Selon les médias, le Conseil fédéral s’apprêterait à lever partiellement le moratoire décrété sur les exportations d’armes au Proche-Orient. Il est surtout question de la vente au Qatar de véhicules blindés de type Piranha fabriqués par la firme MOWAG. Amnesty International est très préoccupée du fait que des équipements militaires suisses puissent à nouveau être vendus dans cette région, où la crise humanitaire n’a fait que s’aggraver depuis l’introduction du moratoire en mars 2015.
Des recherches menées par Amnesty International indiquent que l’alliance conduite par l’Arabie Saoudite au Yémen - et à laquelle appartient le Qatar - aurait commis des crimes de guerre.
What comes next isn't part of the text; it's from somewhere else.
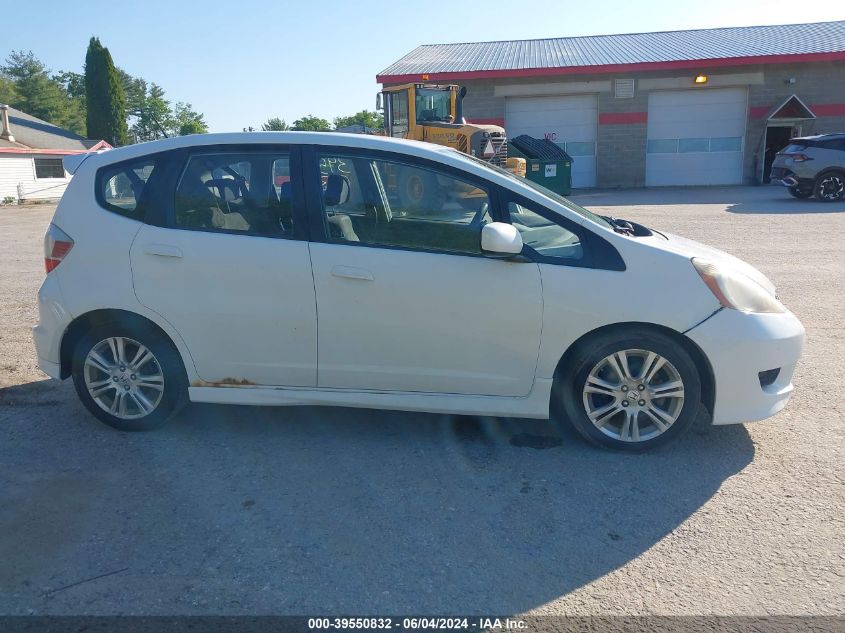 2010 Honda Fit Sport VIN: JHMGE8H42AC033358 Lot: 39550832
Elles montrent également que l’entité connue sous le nom d’ «État Islamique» possède des armes qui lui ont été livrées par des États comme le Qatar.
Indices de crimes de guerre au Yémen
Un rapport intitulé «Nowhere safe for civilians: Airstrikes and ground attacks in Yemen» publié par Amnesty en août 2015 renforce le soupçon de crimes de guerre commis au Yémen par toutes les parties au conflit. Huit attaques aériennes ont été analysées en détail et il a été démontré que l’alliance menée par l’Arabie saoudite a bombardé des régions peuplées par des civils, en opposition avec le droit international humanitaire.
Dans un autre rapport, «Bombs fall from the sky day and night: Civilians under fire in northern Yemen» daté d’octobre 2015, Amnesty analyse treize autres attaques aériennes qui ont provoqué la mort d’une centaine de civils parmi lesquels 59 enfants. Le rapport documente également l’usage de bombes à sous-munition.
En décembre 2015, c’est le bombardement, apparemment intentionnel, d’écoles par les troupes de l’alliance conduite par l’Arabie saoudite qui a été mis en évidence.
Livraisons d’armes à l’État Islamique
Le rapport «Taking Stock: The Arming of Islamic State» publié en décembre 2015 montre que les combattants de l’EI utilisent des armes produites dans plus de deux douzaines de pays, notamment en Russie, en Chine, aux USA et dans des États de l’Union européenne.
Selon les recherches menées, de très nombreuses armes se sont retrouvées dans les mains de l’EI après avoir transité par le Qatar, notamment des missiles anti-aériens portables (MANPADS) de fabrication chinoise et des fusils d’assaut de fabrication belge, que le Qatar a fait parvenir aux rebelles syriens via la Turquie.
En 2011, le Conseil fédéral a temporairement suspendu les exportations d’armes vers le Qatar après que l’on ait trouvé, entre les mains de rebelles libyens, des munitions de la firme RUAG premièrement exportées vers le Qatar. Il serait particulièrement fâcheux que le Conseil fédéral autorise maintenant des exportations vers ce pays malgré les rapports faisant état de réexportations d’armes du Qatar vers «l’État Islamique».
Des véhicules blindés engagés contre les manifestants
Dans l’optique d’une vente possible de véhicules blindés de type Piranha, il faut rappeler que l’armée saoudienne a utilisé ce type de véhicules de la firme MOWAG, produits sous licence au Canada, pour réprimer les manifestations du printemps arabe au Bahreïn.
Amnesty International demande au Conseil fédéral de maintenir le moratorium sur les exportations de matériel de guerre au Proche-Orient aussi longtemps que les parties en conflit au Yémen, en Syrie et en Iraq sont susceptibles de commettre des crimes de guerre et de graves violations des droits humains.
Au vu de l’escalade de la violence dans la région et des mouvements migratoires qui en découlent, la levée du moratoire suisse sur les exportations de matériel de guerre au Proche-Orient serait un signe catastrophique donné à la communauté internationale.